I did think about this and had some thoughts, but I would be interested to know your answer, Antonio.

Every Blessing in Christ

Matthew

January 18, 2006 11:29 AM  
Anonymous Anonymous said...

Sounds a little like you're saying, "If I don't get to be special in the end, then why should I bother to obey God?" Or: "If there's nothing in it for me, what would motivate me to serve Christ?" I guess the Reformed Christian would say that a little thing called the glory of God is more than enough reason and more than enough motivation.

January 18, 2006 12:07 PM  
Blogger Nate said...

Antonio,

Nice Post!

Sadly many have never been taught about the Judgment Seat of Christ, which I believe is so crucial to understanding many passages in Scripture.

Keep up the good work.

PEACE,

NATE

January 18, 2006 12:13 PM  
Blogger Antonio said...

Anonymous, your blithe comment is very telling.

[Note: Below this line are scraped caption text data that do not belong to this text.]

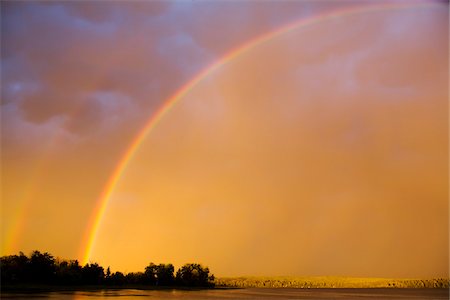 final del dia - Double Rainbow over Lake Foto de stock - Con derechos protegidos, Código: 700-05810160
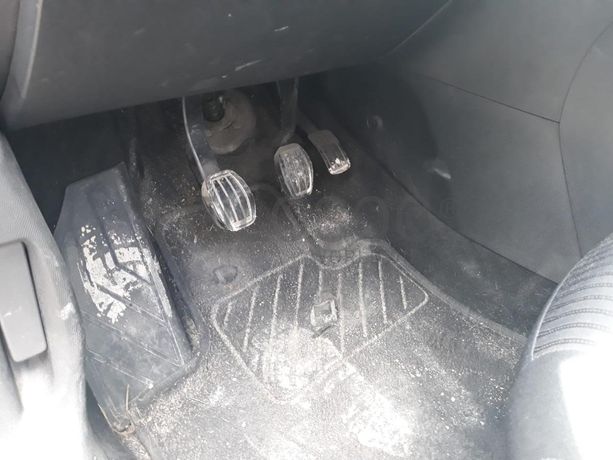 Peugeot 308 SW 1.6 BlueHDI · Ano 2014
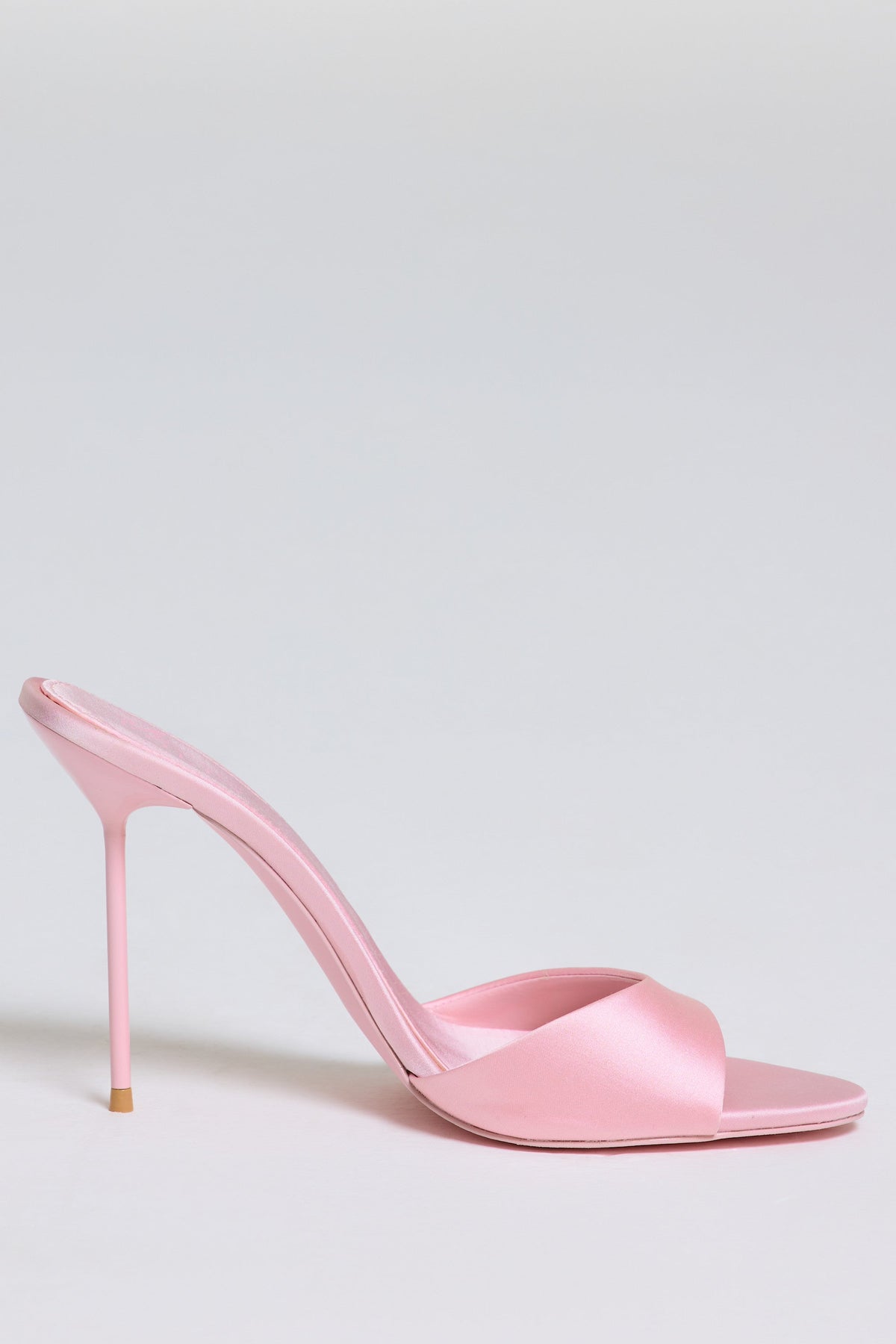 Chic Satin Heeled Mule Sandal in Soft Pink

Bringing God glory stems from a heart of praise that more often then not comes from a gratefulness for God's blessings (just do a quick word study on "praise" and see the contexts).

God's glory is but one motivation to obey God. There are others that are powerful as well:

1) gratititude proceeding from certainly and absolutely knowing that one eternally and securely possess eternal life
2) obeying brings blessing, unfaithfulness brings chastening
3) eternal rewards

Here is a quick excerpt from an article by Zane Hodges (which can be found HERE)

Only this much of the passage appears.